Distinguish between the following: (a)Hibernation and Aestivation (b)Ectotherms and Endotherms
Hint: (a) Hibernation and aestivation both require escape in time but hibernation is winter sleep and aestivation is summer sleep. The energy is saved in both cases by reducing activity. (b) Ectotherms body temperature changes with external temperature meaning they conform (change to the environment). Endothermic organisms regulate (keep their body at a continuing phase) meaning they do not change with external temperature.
Complete answer: (a)
Hibernation is a state of decreased activity in some organisms to escape cold winter conditions.
Aestivation is a state of decreased activity in some organisms to escape desiccation due to heat in summers.
It takes place for a long duration.
It takes place for a quite smaller duration.
Bears and squirrels hamper cold regions are examples of animals that hibernate throughout winters.
Fishes and snails are examples of organisms aestivating throughout summers.

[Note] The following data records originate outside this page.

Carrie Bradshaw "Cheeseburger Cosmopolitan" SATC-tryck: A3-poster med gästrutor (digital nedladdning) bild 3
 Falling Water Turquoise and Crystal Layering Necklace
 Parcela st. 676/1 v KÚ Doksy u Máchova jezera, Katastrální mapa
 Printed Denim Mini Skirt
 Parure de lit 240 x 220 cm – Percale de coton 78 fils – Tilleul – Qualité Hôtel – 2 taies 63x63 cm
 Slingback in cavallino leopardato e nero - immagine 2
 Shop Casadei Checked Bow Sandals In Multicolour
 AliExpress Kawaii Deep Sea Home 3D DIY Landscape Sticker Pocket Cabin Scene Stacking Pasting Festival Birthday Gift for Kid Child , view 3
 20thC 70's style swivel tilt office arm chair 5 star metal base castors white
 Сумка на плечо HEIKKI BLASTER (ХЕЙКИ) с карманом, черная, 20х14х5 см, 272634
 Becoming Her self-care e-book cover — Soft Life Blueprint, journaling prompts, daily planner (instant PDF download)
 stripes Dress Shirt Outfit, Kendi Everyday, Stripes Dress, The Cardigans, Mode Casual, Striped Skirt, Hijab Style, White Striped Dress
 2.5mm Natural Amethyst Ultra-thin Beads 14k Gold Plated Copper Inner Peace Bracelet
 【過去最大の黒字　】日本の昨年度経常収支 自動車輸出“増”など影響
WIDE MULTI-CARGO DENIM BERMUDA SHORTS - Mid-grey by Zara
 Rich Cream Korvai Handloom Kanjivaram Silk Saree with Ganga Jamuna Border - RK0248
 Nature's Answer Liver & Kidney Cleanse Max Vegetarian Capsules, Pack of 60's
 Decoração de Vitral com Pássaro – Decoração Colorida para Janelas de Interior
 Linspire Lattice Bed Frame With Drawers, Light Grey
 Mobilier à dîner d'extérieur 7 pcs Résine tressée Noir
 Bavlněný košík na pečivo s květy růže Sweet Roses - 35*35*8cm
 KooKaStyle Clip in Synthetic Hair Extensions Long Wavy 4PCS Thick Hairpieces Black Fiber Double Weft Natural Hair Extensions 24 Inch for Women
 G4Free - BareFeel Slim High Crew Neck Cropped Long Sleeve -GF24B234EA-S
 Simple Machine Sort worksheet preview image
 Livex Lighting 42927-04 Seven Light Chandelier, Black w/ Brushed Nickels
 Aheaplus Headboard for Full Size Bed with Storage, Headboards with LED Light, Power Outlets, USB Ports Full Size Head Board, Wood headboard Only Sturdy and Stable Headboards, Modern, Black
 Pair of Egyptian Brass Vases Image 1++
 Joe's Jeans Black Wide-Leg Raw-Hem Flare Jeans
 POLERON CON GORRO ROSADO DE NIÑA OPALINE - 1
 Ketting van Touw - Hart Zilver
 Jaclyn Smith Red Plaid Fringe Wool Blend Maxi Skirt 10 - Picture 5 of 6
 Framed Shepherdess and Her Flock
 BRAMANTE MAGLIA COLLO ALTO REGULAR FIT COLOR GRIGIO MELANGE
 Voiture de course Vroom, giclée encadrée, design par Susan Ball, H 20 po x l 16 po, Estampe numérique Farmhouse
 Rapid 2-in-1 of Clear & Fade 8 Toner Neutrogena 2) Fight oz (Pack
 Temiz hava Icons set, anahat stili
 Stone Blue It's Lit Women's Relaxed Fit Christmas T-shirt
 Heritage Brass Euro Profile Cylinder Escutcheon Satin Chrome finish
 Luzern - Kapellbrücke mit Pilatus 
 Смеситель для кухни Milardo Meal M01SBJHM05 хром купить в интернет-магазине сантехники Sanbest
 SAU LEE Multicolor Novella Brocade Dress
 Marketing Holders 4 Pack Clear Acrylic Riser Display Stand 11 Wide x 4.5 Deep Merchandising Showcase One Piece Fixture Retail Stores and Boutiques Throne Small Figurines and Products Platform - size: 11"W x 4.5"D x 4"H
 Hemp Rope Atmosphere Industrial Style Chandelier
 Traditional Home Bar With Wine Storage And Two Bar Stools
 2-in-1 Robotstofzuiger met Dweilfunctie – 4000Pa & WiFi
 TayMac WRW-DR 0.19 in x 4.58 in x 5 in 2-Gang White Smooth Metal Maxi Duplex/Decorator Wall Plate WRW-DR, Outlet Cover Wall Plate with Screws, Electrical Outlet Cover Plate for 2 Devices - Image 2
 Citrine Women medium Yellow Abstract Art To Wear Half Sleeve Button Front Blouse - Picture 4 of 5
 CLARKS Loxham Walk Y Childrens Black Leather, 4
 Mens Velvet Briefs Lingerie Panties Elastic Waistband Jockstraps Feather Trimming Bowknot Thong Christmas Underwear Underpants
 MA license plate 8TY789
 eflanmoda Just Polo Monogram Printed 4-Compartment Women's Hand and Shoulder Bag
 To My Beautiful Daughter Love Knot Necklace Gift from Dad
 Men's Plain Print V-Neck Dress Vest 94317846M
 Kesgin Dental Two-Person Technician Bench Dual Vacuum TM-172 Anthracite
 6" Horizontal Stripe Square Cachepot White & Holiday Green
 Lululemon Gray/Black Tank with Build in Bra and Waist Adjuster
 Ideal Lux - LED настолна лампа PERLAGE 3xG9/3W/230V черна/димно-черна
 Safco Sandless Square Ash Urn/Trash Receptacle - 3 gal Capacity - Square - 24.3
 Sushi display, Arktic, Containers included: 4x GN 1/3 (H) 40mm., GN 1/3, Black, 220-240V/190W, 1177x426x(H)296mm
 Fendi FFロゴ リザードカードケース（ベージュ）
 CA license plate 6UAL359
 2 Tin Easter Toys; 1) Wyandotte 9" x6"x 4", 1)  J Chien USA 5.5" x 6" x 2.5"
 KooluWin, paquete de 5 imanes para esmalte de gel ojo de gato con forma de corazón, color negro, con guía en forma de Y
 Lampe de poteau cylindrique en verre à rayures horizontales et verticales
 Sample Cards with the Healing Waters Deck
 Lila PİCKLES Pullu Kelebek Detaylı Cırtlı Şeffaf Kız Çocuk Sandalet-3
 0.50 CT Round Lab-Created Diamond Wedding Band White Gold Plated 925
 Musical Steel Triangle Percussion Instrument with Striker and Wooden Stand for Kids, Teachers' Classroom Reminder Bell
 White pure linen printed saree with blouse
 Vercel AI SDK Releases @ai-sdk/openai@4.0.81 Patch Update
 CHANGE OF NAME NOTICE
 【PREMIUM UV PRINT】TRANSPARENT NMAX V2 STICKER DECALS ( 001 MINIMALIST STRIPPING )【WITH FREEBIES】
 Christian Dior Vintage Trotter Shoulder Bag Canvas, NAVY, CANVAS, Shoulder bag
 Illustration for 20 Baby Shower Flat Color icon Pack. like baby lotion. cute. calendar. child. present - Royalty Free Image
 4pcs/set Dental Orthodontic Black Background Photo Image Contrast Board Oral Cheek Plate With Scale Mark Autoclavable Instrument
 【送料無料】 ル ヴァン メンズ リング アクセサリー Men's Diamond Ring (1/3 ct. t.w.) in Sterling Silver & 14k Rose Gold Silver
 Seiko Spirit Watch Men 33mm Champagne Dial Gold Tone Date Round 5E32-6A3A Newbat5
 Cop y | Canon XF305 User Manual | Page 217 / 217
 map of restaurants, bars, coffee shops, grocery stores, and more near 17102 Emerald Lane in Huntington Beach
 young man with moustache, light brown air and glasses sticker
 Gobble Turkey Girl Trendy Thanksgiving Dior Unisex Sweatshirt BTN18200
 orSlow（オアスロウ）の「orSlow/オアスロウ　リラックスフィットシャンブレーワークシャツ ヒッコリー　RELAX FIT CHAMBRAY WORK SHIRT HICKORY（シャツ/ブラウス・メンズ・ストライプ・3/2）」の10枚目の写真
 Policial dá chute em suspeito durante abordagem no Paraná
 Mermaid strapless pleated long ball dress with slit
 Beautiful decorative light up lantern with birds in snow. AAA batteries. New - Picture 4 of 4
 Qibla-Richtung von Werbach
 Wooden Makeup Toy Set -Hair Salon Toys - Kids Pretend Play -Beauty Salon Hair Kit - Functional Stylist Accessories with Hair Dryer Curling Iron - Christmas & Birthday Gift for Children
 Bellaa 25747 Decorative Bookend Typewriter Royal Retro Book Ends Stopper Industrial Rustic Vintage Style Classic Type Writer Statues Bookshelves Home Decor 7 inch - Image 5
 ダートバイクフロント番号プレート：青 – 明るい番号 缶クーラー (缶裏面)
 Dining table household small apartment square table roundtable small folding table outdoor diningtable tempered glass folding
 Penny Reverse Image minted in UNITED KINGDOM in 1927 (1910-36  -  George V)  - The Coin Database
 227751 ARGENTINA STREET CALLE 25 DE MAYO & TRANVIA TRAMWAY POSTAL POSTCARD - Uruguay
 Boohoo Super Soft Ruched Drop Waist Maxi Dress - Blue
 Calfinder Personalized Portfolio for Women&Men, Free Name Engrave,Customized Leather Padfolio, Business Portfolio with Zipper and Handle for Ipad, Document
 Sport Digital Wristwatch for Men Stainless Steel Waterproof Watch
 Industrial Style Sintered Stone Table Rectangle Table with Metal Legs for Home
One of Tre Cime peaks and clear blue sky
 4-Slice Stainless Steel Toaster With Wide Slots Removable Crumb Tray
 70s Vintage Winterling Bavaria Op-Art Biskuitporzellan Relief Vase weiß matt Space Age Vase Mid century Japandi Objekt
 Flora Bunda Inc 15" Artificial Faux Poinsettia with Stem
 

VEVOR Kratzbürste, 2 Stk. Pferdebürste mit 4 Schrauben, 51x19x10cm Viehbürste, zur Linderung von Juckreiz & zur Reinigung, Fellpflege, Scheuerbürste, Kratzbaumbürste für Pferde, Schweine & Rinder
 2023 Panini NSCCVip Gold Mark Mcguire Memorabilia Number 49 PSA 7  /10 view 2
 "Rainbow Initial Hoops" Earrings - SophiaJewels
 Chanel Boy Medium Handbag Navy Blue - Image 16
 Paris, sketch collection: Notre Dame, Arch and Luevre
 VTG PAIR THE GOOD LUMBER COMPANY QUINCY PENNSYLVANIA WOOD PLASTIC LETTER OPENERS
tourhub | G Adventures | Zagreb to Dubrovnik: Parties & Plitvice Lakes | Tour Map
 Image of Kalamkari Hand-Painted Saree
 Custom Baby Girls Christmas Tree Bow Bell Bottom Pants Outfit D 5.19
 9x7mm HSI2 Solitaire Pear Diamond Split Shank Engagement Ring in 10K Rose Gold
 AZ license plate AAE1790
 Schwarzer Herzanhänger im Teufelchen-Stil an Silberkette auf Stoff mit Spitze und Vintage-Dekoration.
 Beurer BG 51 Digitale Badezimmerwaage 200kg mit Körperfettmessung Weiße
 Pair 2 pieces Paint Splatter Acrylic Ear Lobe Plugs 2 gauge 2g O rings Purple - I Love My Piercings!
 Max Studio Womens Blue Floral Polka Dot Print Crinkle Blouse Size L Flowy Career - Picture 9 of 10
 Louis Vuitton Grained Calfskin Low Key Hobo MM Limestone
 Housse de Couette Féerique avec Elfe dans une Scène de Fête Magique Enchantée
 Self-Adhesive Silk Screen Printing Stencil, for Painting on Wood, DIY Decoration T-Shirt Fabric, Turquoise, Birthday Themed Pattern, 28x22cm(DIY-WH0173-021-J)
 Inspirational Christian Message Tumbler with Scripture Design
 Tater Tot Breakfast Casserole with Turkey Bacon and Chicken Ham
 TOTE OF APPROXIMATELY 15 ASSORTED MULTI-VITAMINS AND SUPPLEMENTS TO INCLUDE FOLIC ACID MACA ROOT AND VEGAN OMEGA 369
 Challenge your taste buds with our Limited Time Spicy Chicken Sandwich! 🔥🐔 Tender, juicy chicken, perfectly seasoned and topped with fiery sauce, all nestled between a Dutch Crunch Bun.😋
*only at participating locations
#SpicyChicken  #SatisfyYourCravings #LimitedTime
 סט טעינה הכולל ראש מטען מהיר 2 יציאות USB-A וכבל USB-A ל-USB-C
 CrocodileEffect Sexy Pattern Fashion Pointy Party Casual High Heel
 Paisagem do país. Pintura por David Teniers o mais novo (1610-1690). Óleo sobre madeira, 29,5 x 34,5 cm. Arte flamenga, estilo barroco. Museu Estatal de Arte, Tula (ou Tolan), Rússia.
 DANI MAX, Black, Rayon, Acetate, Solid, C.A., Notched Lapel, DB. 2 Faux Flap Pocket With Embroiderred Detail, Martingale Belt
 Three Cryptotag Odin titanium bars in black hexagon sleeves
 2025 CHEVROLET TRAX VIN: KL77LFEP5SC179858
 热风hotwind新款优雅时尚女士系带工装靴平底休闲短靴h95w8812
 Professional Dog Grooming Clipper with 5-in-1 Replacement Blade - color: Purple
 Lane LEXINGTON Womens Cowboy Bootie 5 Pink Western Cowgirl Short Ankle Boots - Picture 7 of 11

Ectotherms are cold-blooded animals. Their temperature differed with their surroundings.
Endotherms are warm-blooded animals. They maintain persistent body temperature.
Ectotherms typically have lower metabolic rates than endotherms at a particular body mass.
Endotherms typically have higher metabolic rates than ectotherms at a particular body mass.
Examples are fishes, amphibians, and reptiles are ectothermic animals.
Examples are birds and mammals are endothermic animals.
Additional Information: In mammals, two different homeostatic mechanisms are involved in thermoregulation—one mechanism increases body temperature, while the other decreases it. The presence of two separate mechanisms provides a really high degree of control. This is often important because the core temperature of mammals can be controlled to be as close as possible to the optimum temperature for enzyme activity.
Note: Hibernation functions to conserve energy when sufficient food is unavailable. to realize this energy-saving, an endothermic animal decreases its metabolic rate and thereby its body temperature. Depression of metabolic rate during aestivation causes a reduction in macromolecule synthesis and degradation.